Exercise details – Range to output from the entries below: the line containing "Stafford Men's 2" through the line containing "Converse Kids All". Set it down exactly, ends included, nothing else.

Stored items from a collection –
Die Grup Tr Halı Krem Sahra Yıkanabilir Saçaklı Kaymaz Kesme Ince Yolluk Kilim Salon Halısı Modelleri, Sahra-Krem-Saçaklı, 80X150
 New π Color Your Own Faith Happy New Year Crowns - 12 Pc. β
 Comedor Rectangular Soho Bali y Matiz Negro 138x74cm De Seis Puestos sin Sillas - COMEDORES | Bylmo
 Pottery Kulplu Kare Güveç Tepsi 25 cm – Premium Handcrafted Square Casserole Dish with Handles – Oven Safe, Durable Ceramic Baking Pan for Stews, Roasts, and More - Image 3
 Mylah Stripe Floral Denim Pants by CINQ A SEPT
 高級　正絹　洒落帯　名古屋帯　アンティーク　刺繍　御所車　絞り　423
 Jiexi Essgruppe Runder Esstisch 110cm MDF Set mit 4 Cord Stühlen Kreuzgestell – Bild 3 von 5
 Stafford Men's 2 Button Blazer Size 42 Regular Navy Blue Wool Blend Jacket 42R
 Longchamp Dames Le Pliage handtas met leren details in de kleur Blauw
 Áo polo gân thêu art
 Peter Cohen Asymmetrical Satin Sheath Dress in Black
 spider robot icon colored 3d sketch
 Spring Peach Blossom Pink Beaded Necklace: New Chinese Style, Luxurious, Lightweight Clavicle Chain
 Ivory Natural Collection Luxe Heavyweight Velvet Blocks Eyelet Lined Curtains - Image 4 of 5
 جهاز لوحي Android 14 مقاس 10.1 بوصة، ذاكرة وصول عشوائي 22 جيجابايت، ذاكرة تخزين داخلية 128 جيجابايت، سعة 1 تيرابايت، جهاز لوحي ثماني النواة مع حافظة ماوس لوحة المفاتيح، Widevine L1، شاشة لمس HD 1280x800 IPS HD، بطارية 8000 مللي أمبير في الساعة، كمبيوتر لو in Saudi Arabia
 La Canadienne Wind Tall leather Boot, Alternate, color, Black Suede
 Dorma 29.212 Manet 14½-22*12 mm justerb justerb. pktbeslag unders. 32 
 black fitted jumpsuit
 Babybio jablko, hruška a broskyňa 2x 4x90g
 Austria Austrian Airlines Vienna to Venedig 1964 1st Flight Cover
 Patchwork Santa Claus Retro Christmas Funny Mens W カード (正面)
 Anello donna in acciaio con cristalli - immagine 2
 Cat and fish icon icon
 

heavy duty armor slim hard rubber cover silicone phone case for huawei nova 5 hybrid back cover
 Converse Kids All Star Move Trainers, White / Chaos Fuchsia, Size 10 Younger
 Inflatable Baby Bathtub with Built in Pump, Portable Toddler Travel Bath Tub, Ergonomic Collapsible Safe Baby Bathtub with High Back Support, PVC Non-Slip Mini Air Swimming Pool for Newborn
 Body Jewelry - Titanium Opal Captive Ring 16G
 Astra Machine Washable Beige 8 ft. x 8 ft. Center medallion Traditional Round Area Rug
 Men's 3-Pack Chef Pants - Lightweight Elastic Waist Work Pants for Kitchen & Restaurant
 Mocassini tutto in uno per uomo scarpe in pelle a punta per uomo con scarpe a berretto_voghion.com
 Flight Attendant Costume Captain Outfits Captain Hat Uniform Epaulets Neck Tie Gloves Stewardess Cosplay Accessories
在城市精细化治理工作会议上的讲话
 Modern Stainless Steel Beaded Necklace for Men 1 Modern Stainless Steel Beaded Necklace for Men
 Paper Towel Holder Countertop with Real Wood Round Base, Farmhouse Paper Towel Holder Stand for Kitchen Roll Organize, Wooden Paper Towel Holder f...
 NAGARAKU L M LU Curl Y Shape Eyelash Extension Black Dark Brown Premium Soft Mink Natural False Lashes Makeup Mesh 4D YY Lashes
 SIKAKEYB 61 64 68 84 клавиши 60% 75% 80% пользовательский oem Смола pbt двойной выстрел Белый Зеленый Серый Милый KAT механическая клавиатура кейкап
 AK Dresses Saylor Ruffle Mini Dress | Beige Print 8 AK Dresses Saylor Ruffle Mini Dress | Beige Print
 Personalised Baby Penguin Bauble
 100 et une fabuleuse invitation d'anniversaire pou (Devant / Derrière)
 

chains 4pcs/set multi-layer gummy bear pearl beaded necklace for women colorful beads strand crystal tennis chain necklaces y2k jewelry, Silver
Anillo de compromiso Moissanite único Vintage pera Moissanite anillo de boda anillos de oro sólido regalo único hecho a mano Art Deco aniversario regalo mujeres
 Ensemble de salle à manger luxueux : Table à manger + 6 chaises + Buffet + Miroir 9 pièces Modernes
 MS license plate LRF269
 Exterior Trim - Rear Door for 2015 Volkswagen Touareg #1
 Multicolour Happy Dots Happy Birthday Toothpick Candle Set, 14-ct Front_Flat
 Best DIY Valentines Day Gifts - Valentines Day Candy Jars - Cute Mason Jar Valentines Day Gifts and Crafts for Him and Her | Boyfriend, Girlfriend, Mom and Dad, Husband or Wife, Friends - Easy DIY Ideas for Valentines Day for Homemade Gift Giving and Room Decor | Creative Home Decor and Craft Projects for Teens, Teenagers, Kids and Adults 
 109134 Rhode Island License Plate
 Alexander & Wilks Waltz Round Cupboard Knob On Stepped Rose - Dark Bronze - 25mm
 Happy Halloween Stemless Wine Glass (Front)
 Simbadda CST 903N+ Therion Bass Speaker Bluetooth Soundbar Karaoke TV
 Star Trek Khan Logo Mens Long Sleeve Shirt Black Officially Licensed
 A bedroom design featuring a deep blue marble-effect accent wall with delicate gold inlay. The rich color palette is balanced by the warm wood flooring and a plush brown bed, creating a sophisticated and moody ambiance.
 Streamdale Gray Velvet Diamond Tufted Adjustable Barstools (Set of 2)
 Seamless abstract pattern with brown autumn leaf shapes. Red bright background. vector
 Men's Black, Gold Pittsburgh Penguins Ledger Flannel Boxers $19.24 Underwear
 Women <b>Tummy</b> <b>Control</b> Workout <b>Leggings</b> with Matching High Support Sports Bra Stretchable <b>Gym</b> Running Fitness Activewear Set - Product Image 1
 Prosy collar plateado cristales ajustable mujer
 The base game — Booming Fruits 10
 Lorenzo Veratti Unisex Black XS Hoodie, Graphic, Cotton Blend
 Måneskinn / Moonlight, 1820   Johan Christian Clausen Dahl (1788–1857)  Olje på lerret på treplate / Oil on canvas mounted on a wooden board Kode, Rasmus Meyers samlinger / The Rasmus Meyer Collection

The completed task –
 Stafford Men's 2 Button Blazer Size 42 Regular Navy Blue Wool Blend Jacket 42R
 Longchamp Dames Le Pliage handtas met leren details in de kleur Blauw
 Áo polo gân thêu art
 Peter Cohen Asymmetrical Satin Sheath Dress in Black
 spider robot icon colored 3d sketch
 Spring Peach Blossom Pink Beaded Necklace: New Chinese Style, Luxurious, Lightweight Clavicle Chain
 Ivory Natural Collection Luxe Heavyweight Velvet Blocks Eyelet Lined Curtains - Image 4 of 5
 جهاز لوحي Android 14 مقاس 10.1 بوصة، ذاكرة وصول عشوائي 22 جيجابايت، ذاكرة تخزين داخلية 128 جيجابايت، سعة 1 تيرابايت، جهاز لوحي ثماني النواة مع حافظة ماوس لوحة المفاتيح، Widevine L1، شاشة لمس HD 1280x800 IPS HD، بطارية 8000 مللي أمبير في الساعة، كمبيوتر لو in Saudi Arabia
 La Canadienne Wind Tall leather Boot, Alternate, color, Black Suede
 Dorma 29.212 Manet 14½-22*12 mm justerb justerb. pktbeslag unders. 32 
 black fitted jumpsuit
 Babybio jablko, hruška a broskyňa 2x 4x90g
 Austria Austrian Airlines Vienna to Venedig 1964 1st Flight Cover
 Patchwork Santa Claus Retro Christmas Funny Mens W カード (正面)
 Anello donna in acciaio con cristalli - immagine 2
 Cat and fish icon icon
 

heavy duty armor slim hard rubber cover silicone phone case for huawei nova 5 hybrid back cover
 Converse Kids All Star Move Trainers, White / Chaos Fuchsia, Size 10 Younger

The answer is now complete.